--- DATA SHOWN ---
....................
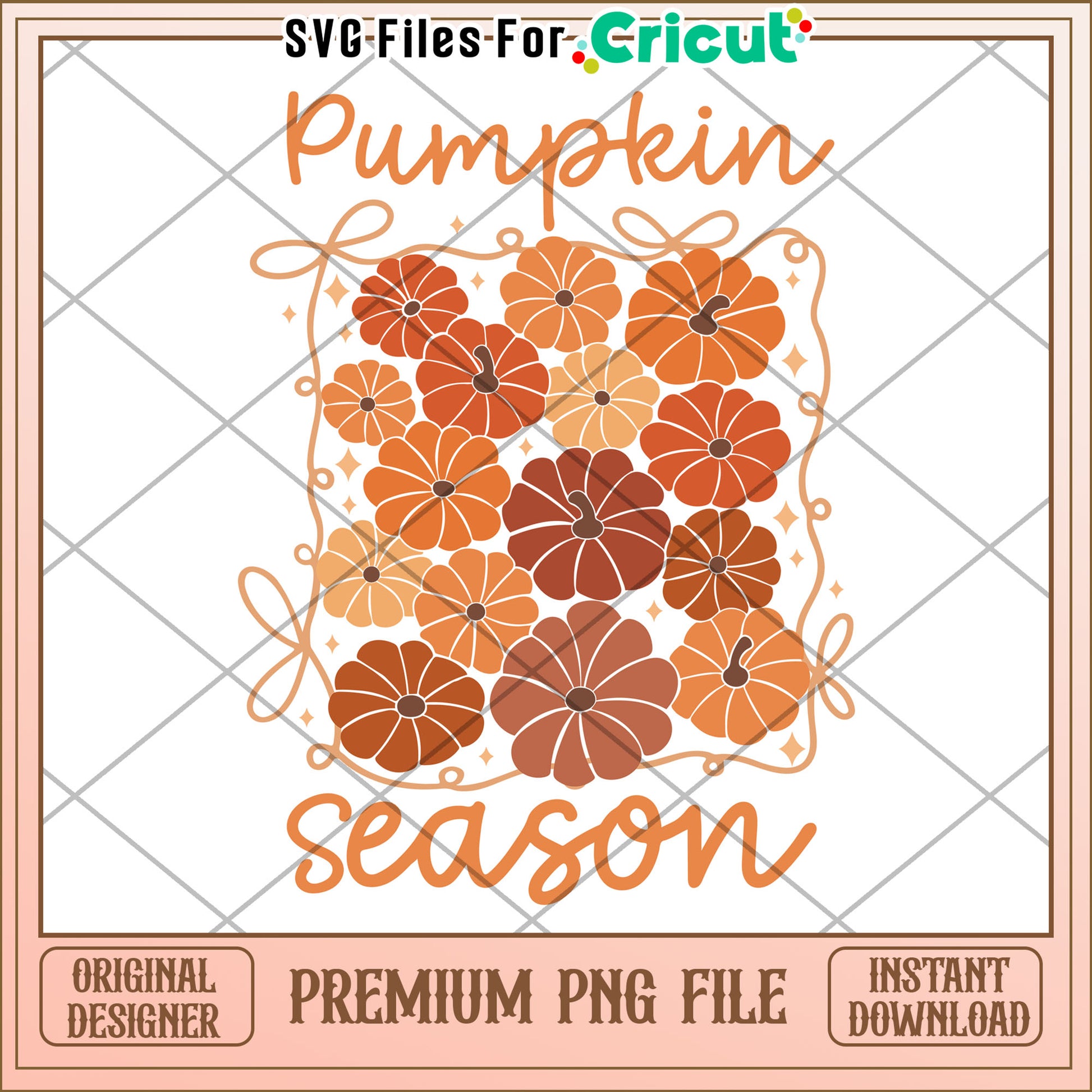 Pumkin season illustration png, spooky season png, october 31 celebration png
....................
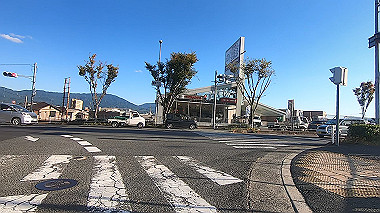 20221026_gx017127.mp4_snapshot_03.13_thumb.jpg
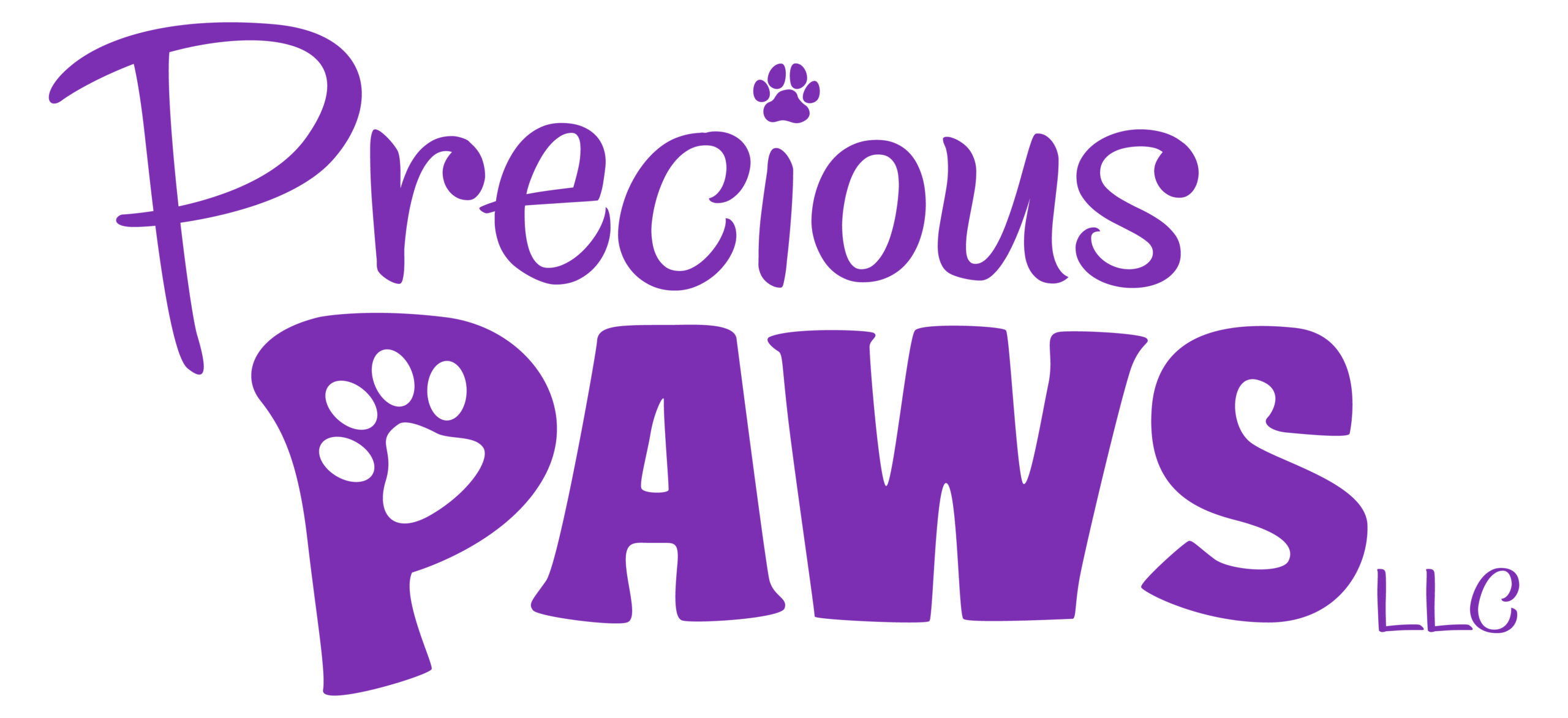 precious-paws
....................
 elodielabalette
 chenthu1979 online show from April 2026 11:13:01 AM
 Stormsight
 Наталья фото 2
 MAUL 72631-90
....................
--- REQUIRED WORK ---
Within the material above, output exactly the lines from the one with "chenthu1979 online show" through the one with "MAUL 72631-90", end lines included, and nothing besides.

--- TASK RESULT ---
 chenthu1979 online show from April 2026 11:13:01 AM
 Stormsight
 Наталья фото 2
 MAUL 72631-90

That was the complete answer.